Deep Learning for Computer Vision with Tensor Flow and Keras Free Tutorial Download
What you’ll learn
Learn about the state of the art in object detection and image classification models.
Machine Learning concepts, Linear Algebra, Python, Tensor Flow, Keras and OpenCV
This course is focused in the application of Deep Learning for image classification and object detection. This course includes a review of the main lbraries for Deep Learning such as Tensor Flow 1.X (not 2.x) and Keras, the combined application of them with OpenCV and also covers a concise review of the main concepts in Deep Learning. We will also enter in the study of Convolutional Neural Networks for image classification reviewing its principal components and different robust architectures such as VGG-16, ResNet and Inception.

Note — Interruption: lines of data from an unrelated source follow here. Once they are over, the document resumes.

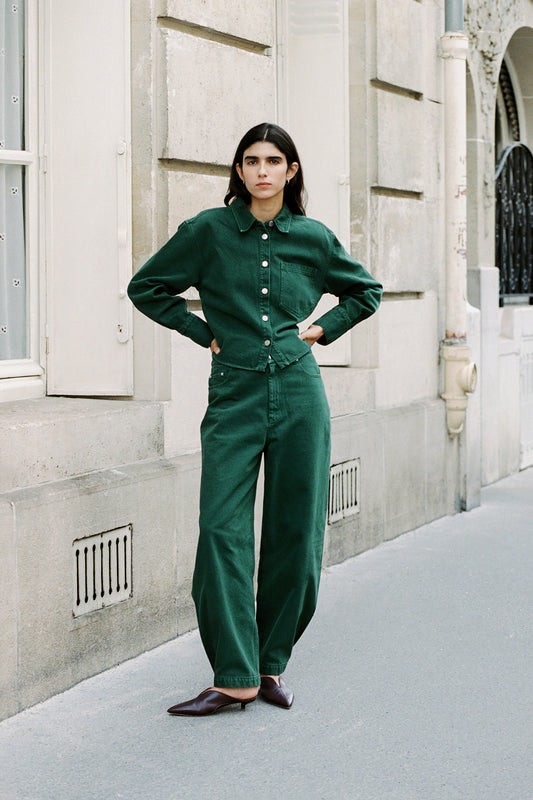 GREEN / 34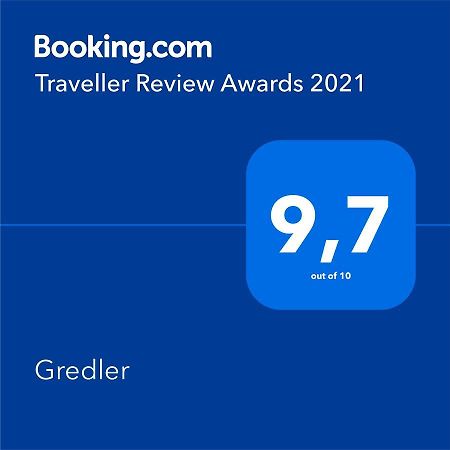 Apartamento Gredler Zell am Ziller Exterior foto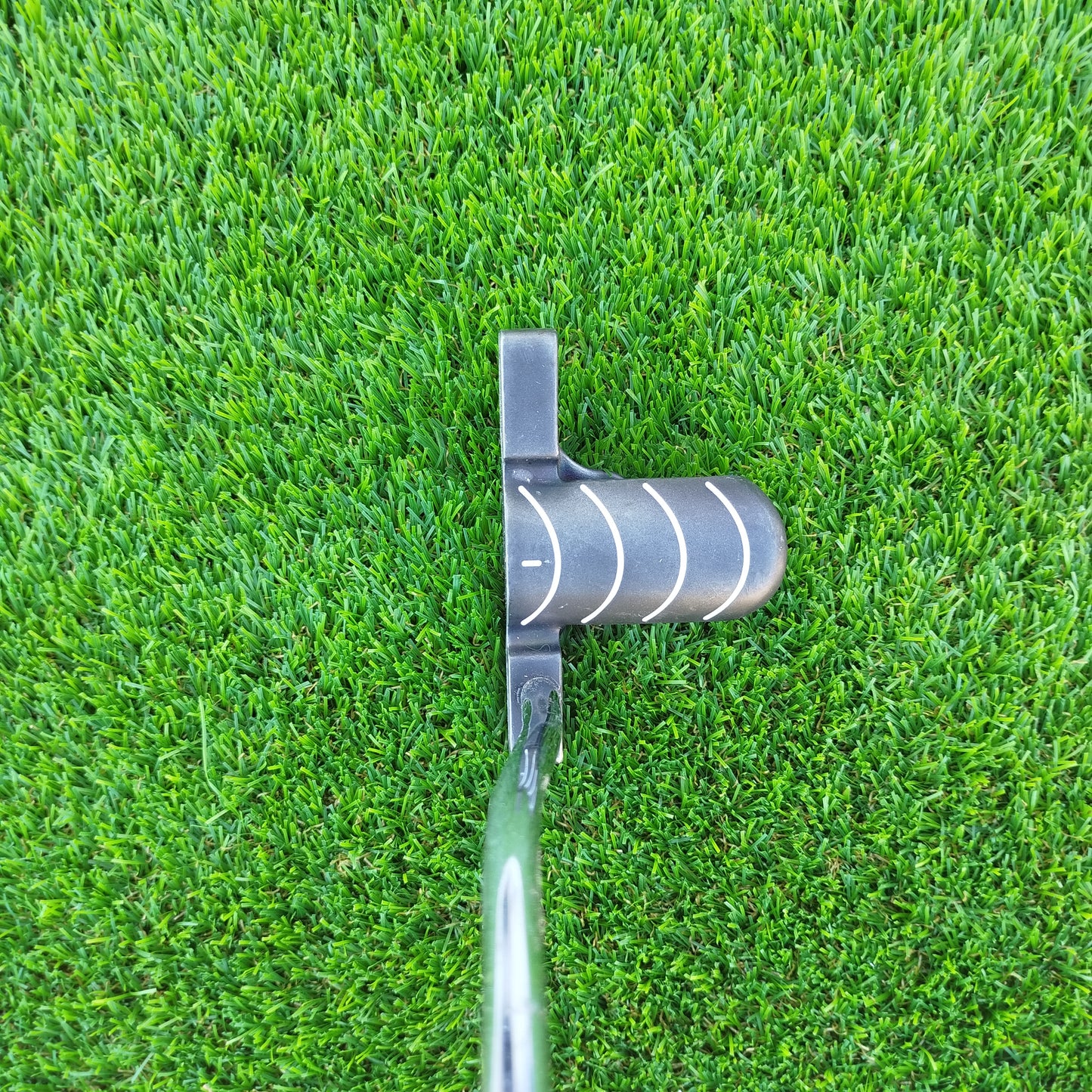 Palo de golf Putter Yes C-Groove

We will explore the concepts of Object Detecting and Transfer Learning using the last state of the art algorithms for object detection such as Faster R-CNN, TensorFlow Object Detection API and YOLO, applying this models on images, videos, and webcam images. Finally you will learn how to construct and train your own dataset using GPU computing with Yolo v2 and Yolo v3 but in Google Colab.
You will find in this course a consice review of the theory with intuitive concepts of the algorithms, and you will be able to put in practice your knowledge with many practical examples.
- Professionals who wants to learn advanced applications on Computer Vision using deep learning concepts.